Boogie nights and layoff days

This has been a week. Started and ended on a positive note but, oh, that middle ground. Every time I see that ad on TV "help, I've fallen and I can't get up" it occurs to me that I live alone in a fairly isolated area, seldom see or talk to other people -- most days the only people I talk to outside of work are the kids at the Subway where I buy my lunch sandwich -- and could easily not be missed by anyone for weeks if something happened. Now, one day this week I ran into one delay after another on the way to work which made me half an hour late. Mind you, in almost five years there, I have never missed a day, nor have I been late more than once or twice and that only by a minute or two. With all that in mind, that delay day as I was finally pulling into the parking lot my phone rang. It was the supervisor asking if I was all right. It turned out he and another fellow I work with had wondered why I was late, and discussed the fact I am never late and actually started to worry a bit. I found it reassuring that people notice things like that and were concerned enough to call.

Well, that was the good part of work. On the day after the Haiti disaster occurred, the company announced a new round of layoffs, the third in little more than a year. This time the cuts went deep. I watched a woman leave who has worked there for 32 years and there were rumors of others with that sort of longevity getting cut as well. This is a recurring action in the newspaper business and particularly at McClatchy which made some financial mistakes that are now haunting the company. I survived this cut and the others, mostly I think because I took the offer a couple of years ago to work on the Web site rather than the paper, although I still edit several stories a night for the paper in addition to my internet duties. But it has reached the point where I think we all begin to feel guilt as we watch colleagues leave the office while we sit quietly in our seats glad it didn't happen to us, but feeling so much for the departed and not really knowing what to say. There were tears this time and I have never seen that happen in previous layoffs. This one hit me harder than the others, I guess because now I don't see the possibility for improvement. I have a feeling we are now clinging to a sinking ship and it is only a matter of time before it turns bow up and slips below the surface.

So, ups and downs and overs and outs. Today my son turned 20. He is no longer the kid or the teenager who lights my life so much.
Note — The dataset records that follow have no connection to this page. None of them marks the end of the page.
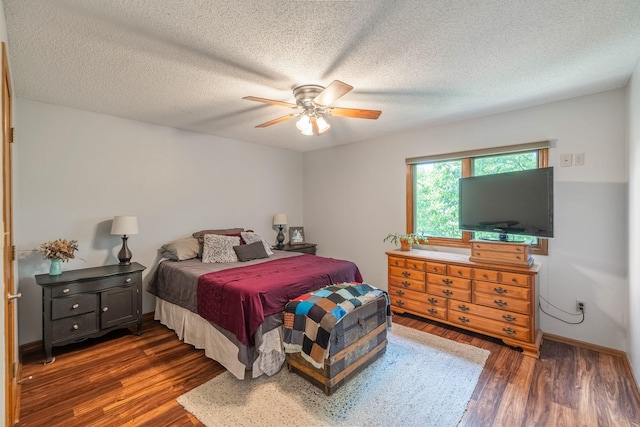 8123 Brookview Dr, Urbandale, IA 50322 - bedroom with wood finished floors, ceiling fan, and a textured ceiling
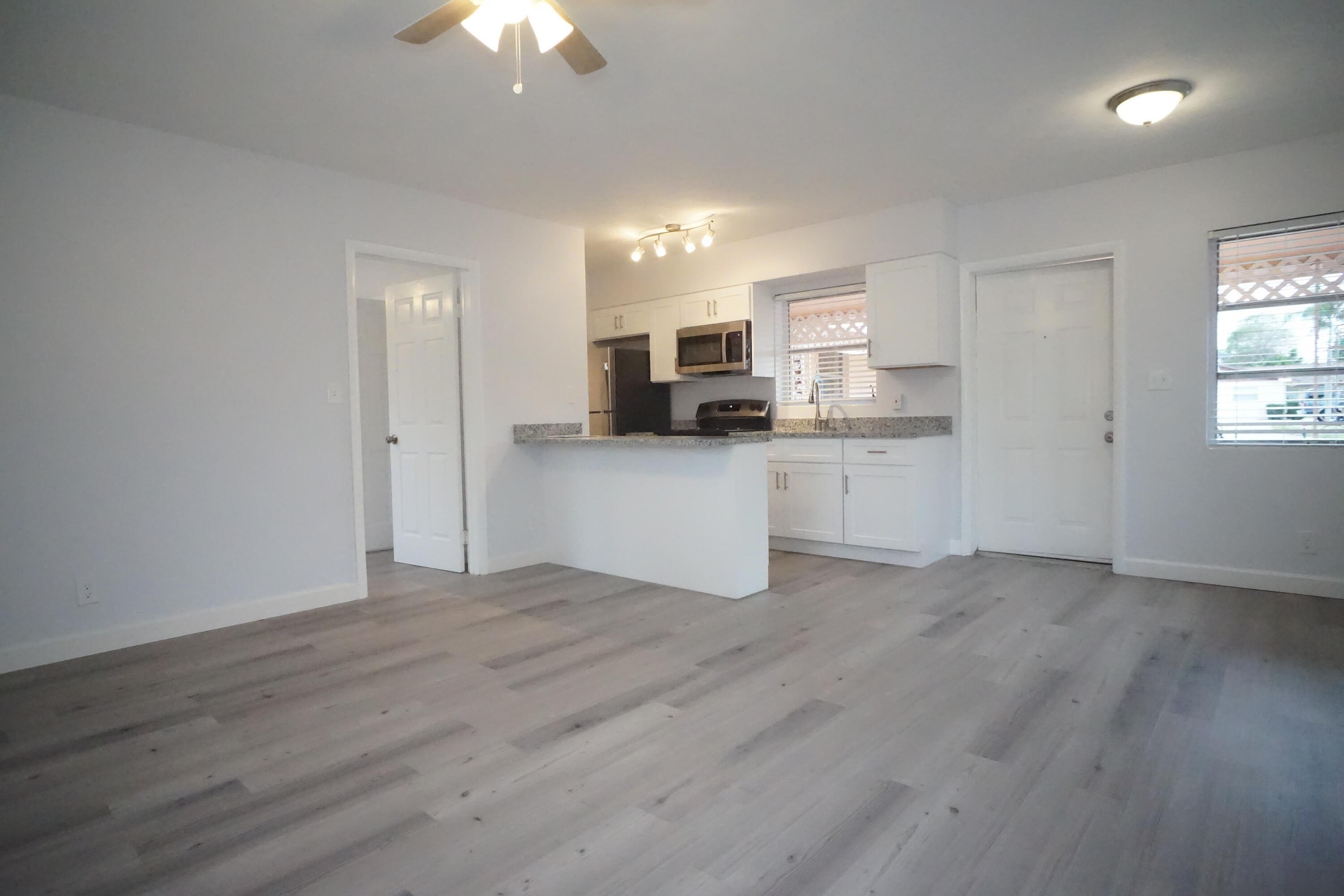 1815 Juno Road, Unit 3 North Palm Beach, FL 33408 - Photo 9 of 15 a view of a kitchen with microwave and cabinets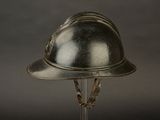 a silver helmet that is on a glass stand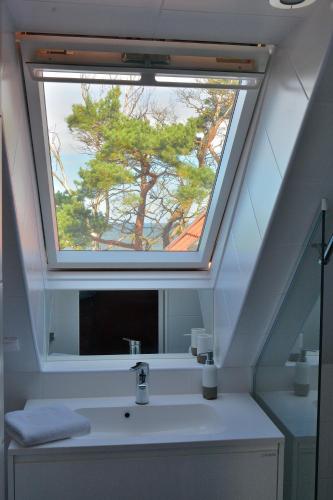 a bathroom with a sink with a window above it at Willa Victor in Jastrzębia Góra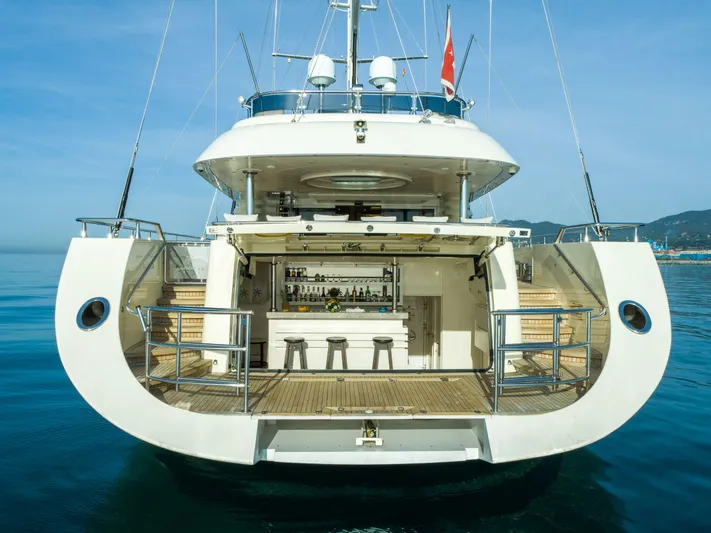 Aresteas Yacht Photos Pics Luxury yacht with open bar area, Custom Yildizlar 2017 model, docked on calm water.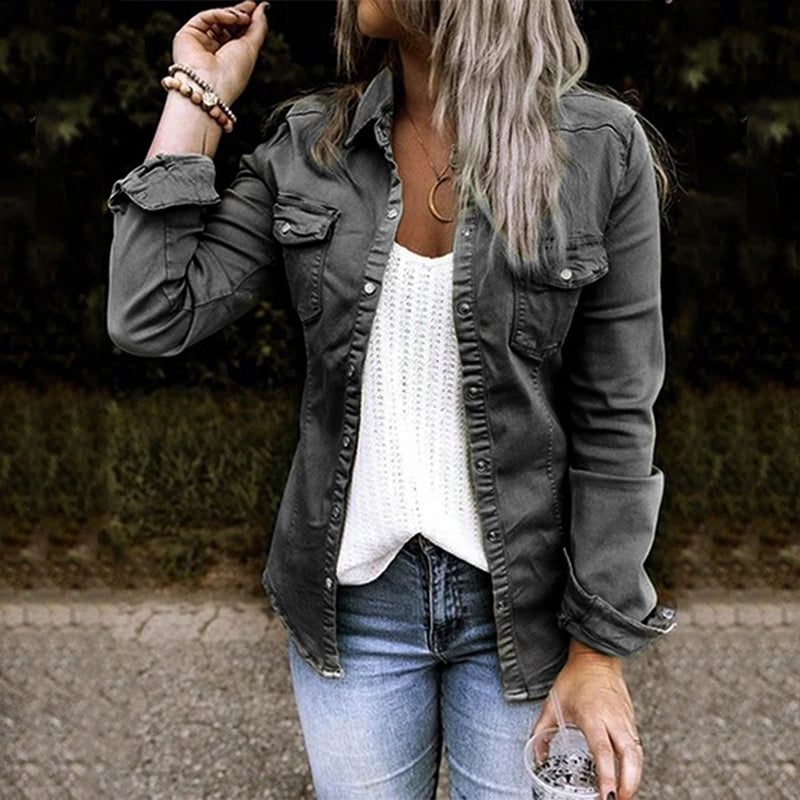 Women's lightweight denim shirt jacket with button front, structured silhouette, and chest pockets for a casual chic look.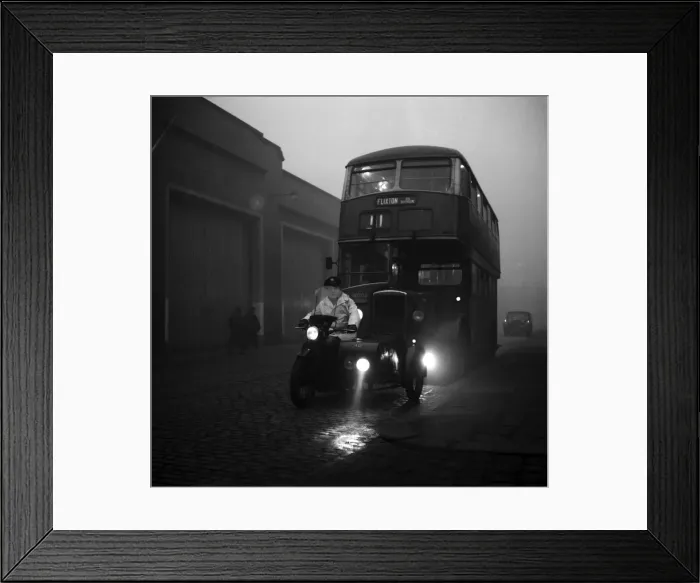 Framed Print : A bus being led by a motor cycle combination fitted with a special battary of lights Framed Print : A bus being led by a motor cycle combination fitted with a special battary of lights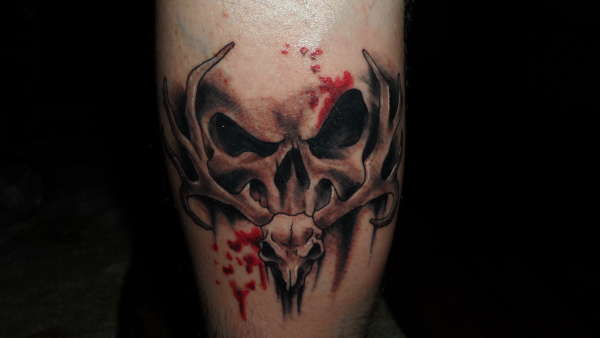 two skulls tattoo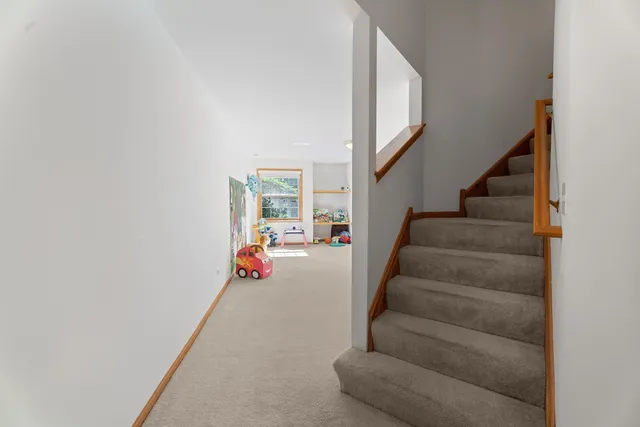 a view of a livingroom with furniture and a large window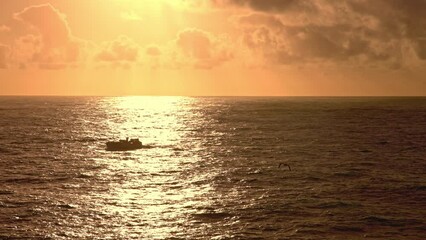 Wall Mural - Nature landscape - a sea vessel sails the sea at sunset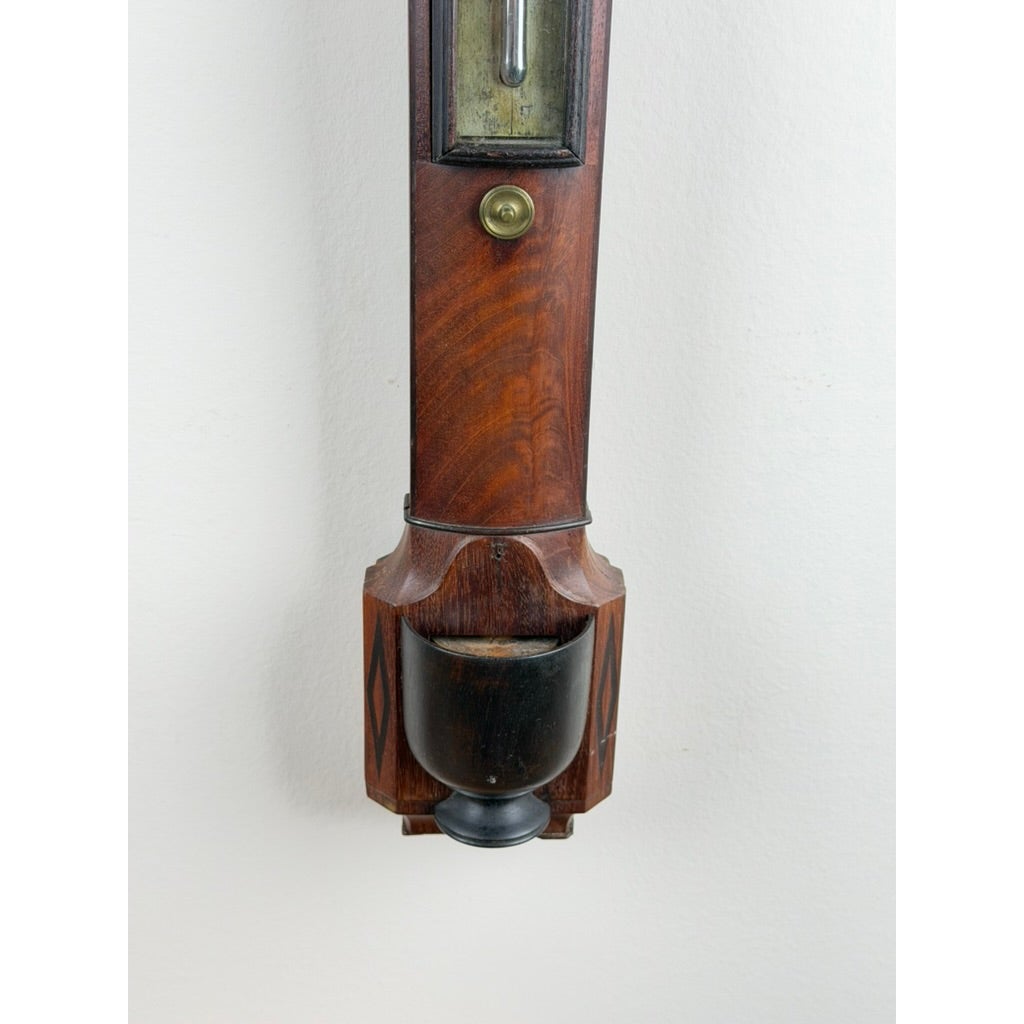 English Regency Mahogany Stick Barometer by Thomas Jones, Liverpool, c. 1820, featuring a brass adjustment knob and a dark bulbous cistern cover at the base.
Now he is officially in his 20s and a man I love. And though I have known it for a while, today my daughter announced her engagement publicly. Maybe these are signs I need to grow up, too. But I really don't want to. I am glad to see them progress and I cheer for them but still out there is drugs, sex, and rock and roll, boogie till you puke, and ohhhhh baby. I am not trying to deny age. I am quite comfortable with my age, I am just not ready to act it. So, today, I am playing with a new machine. It converts audio tapes to MP3 and I have 30 years of music with the attached memories to keep me going for a long time. And, it helps for a while to sublimate what is happening to my colleagues at work. Plus it is a party day for my son and the announcement of a party for my daughter and her fiance, so let's get down and boogie.